Lieutenant Zayas received a posthumous promotion. The enlisted men received the Cross of Military Merit, and each received a monthly pension of 60 pesetas. Of the 50 men who entered the church, around thirty survived the 11-month siege. Fourteen men died from disease. Only two men died from wounds. There were four deserters from the garrison. Two men were imprisoned for helping in the desertion of another (Alcaide), and executed on orders of Martín Cerezo on the day before their surrender. The feat of the Spanish so inspired the United States Army General Frederick Funston that he had Martín Cerezo's memoir translated and gave copies to all his officers. It was published as Under the Red and Gold. The survivors were known as "the last ones of the Philippines". A century after their return, the modern-day Spanish government paid homage to them. The siege is considered by some as the end of the Spanish Empire.

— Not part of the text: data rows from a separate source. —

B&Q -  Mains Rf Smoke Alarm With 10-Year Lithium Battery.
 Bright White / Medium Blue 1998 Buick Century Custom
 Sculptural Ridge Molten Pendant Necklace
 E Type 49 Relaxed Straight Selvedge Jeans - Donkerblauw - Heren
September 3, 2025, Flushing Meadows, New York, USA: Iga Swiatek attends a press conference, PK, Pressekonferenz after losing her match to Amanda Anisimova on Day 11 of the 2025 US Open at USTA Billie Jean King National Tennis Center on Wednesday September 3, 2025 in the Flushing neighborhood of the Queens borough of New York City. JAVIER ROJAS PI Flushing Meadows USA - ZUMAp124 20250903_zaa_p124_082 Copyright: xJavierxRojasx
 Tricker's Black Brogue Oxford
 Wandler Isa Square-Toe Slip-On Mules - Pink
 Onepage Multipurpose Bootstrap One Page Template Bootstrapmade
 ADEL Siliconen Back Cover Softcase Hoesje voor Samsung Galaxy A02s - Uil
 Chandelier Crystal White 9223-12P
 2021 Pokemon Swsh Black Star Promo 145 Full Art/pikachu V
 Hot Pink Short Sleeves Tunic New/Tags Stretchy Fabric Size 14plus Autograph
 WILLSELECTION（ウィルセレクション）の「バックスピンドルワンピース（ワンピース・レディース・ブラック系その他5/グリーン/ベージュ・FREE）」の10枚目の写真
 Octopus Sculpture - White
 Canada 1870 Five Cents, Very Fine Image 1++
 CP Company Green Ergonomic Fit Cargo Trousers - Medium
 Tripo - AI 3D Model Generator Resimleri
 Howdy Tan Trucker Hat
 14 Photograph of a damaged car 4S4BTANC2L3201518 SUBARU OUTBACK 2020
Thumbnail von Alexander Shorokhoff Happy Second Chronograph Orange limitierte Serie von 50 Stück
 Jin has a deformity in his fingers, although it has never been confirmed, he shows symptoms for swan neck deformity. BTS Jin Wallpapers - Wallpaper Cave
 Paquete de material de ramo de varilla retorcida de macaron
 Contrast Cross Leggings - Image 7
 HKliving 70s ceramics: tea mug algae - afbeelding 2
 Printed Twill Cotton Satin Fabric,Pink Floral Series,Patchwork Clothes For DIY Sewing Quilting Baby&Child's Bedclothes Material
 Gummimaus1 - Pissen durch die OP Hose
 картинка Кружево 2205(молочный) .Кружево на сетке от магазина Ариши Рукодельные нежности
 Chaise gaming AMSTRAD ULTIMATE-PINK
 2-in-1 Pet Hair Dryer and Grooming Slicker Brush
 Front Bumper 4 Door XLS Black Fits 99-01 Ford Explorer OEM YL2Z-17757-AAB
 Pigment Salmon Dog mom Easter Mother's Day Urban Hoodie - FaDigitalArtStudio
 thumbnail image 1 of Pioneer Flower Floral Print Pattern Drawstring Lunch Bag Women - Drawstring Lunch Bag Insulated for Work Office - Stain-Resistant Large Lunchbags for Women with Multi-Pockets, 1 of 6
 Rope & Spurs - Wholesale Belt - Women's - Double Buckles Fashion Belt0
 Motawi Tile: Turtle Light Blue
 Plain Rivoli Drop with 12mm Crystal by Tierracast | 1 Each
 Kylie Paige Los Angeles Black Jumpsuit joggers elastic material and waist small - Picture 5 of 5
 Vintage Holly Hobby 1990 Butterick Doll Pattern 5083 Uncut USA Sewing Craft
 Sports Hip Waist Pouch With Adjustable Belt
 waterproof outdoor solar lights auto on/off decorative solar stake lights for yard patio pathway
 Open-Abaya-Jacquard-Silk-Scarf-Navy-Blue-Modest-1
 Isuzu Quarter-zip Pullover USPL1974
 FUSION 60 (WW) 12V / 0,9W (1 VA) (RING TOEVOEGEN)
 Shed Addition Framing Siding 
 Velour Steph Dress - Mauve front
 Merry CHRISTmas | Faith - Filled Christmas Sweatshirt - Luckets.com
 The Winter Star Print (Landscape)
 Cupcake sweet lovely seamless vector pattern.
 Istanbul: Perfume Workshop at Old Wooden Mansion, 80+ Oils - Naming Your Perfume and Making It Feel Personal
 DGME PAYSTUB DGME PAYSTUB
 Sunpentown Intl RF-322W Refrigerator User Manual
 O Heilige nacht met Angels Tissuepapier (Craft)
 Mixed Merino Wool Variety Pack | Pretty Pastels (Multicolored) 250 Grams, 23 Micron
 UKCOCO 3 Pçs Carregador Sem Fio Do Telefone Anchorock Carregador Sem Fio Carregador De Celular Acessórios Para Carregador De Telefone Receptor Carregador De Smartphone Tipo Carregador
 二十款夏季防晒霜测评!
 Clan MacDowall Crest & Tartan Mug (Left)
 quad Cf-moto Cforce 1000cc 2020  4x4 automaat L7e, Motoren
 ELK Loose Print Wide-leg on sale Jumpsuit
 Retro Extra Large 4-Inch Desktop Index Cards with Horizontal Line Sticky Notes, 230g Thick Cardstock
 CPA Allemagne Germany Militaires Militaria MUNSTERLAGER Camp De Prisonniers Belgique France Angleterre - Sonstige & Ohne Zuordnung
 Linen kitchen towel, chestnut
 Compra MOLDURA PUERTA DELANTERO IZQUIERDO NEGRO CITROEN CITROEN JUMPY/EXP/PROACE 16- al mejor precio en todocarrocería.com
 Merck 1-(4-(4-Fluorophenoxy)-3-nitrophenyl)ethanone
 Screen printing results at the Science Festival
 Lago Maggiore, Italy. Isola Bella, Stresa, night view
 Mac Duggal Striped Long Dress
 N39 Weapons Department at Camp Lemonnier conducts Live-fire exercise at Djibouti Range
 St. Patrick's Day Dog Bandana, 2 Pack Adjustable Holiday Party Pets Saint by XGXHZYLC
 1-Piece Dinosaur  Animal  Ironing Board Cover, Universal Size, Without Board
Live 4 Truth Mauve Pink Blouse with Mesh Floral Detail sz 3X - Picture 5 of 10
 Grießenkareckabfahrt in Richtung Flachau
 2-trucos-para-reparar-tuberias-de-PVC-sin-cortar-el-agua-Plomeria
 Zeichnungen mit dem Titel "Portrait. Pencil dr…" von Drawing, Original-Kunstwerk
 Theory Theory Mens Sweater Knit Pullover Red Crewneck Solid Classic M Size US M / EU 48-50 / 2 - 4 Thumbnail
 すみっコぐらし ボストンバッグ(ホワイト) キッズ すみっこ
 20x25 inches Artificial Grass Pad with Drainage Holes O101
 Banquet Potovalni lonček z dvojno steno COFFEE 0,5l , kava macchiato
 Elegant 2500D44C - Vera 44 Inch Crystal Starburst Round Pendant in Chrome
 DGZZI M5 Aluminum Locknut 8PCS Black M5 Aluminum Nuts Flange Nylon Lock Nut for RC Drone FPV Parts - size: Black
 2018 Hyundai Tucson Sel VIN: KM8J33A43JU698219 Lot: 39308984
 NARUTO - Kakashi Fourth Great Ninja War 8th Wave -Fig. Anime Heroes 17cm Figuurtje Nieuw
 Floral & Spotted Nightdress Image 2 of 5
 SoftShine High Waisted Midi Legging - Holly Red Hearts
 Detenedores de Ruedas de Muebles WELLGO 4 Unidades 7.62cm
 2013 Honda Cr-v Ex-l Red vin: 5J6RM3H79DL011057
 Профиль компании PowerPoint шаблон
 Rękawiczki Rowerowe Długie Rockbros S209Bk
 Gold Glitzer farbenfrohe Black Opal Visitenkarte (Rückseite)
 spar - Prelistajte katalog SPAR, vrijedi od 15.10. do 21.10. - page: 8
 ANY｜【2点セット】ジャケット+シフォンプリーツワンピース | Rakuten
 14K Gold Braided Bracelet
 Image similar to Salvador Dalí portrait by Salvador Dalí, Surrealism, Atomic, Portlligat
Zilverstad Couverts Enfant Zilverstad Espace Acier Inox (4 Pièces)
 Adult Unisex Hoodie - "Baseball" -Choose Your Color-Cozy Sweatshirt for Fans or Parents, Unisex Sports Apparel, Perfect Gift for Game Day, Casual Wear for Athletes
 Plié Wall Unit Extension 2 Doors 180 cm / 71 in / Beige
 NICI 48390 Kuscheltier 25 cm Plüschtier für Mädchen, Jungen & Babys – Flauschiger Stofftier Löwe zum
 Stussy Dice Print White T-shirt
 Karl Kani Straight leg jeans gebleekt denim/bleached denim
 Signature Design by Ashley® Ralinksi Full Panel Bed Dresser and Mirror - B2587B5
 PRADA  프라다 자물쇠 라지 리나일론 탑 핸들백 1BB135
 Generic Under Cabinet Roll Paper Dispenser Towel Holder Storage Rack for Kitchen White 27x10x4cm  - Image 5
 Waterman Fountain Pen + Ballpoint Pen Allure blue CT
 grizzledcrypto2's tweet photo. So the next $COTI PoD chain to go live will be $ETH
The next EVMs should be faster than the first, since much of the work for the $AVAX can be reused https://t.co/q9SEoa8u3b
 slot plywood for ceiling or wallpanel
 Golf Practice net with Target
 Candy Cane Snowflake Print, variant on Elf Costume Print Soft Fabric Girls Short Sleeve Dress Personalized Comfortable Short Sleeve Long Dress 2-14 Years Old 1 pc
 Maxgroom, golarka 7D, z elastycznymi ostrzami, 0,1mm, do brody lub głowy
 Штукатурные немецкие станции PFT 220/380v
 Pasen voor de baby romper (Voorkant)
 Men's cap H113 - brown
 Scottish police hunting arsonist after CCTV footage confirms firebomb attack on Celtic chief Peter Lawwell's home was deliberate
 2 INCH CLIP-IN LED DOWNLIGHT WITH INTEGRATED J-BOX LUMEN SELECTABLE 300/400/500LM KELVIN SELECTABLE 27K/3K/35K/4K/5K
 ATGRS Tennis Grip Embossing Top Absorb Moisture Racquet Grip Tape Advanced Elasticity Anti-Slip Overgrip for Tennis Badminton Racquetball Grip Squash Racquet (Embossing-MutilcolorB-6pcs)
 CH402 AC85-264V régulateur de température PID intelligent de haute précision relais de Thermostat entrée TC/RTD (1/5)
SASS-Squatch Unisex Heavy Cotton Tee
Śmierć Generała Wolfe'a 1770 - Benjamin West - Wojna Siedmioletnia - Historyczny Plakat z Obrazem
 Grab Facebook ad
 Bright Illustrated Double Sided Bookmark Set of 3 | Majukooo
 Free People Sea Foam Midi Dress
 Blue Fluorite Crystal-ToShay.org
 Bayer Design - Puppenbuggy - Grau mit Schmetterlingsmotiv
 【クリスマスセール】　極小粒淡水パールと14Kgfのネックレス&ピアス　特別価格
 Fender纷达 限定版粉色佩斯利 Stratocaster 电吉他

On February 5, 2003, President Gloria Macapagal Arroyo signed Republic Act No. 8197 declaring every June 30th as the Philippine–Spanish Friendship Day and is considered as a national special working holiday and as a non-working holiday in the province of Aurora. Section 1 of the Act stated that "June 30 is a day when President Emilio Aguinaldo commended the besieged Spanish soldiers in the Church of Baler for their loyalty and gallantry."

In July 2009, the NHCP installed a historical marker at the Simon Tecson Ancestral House in San Miguel, Bulacan. Chief of Staff of the Spanish Prime Minister, Miguel Utray Delgado led the celebration of the 22nd Philippine-Spanish Friendship Day and the Siege in Baler's 126th anniversary.

==In popular culture==
The siege of Baler is portrayed in the 1945 Spanish film Last Stand in the Philippines, the 2008 Filipino film Baler, and the 2016 Spanish film 1898, Our Last Men in the Philippines. The incident also appears in a two-part episode, "Tiempo de valientes", of the Spanish television series El ministerio del tiempo.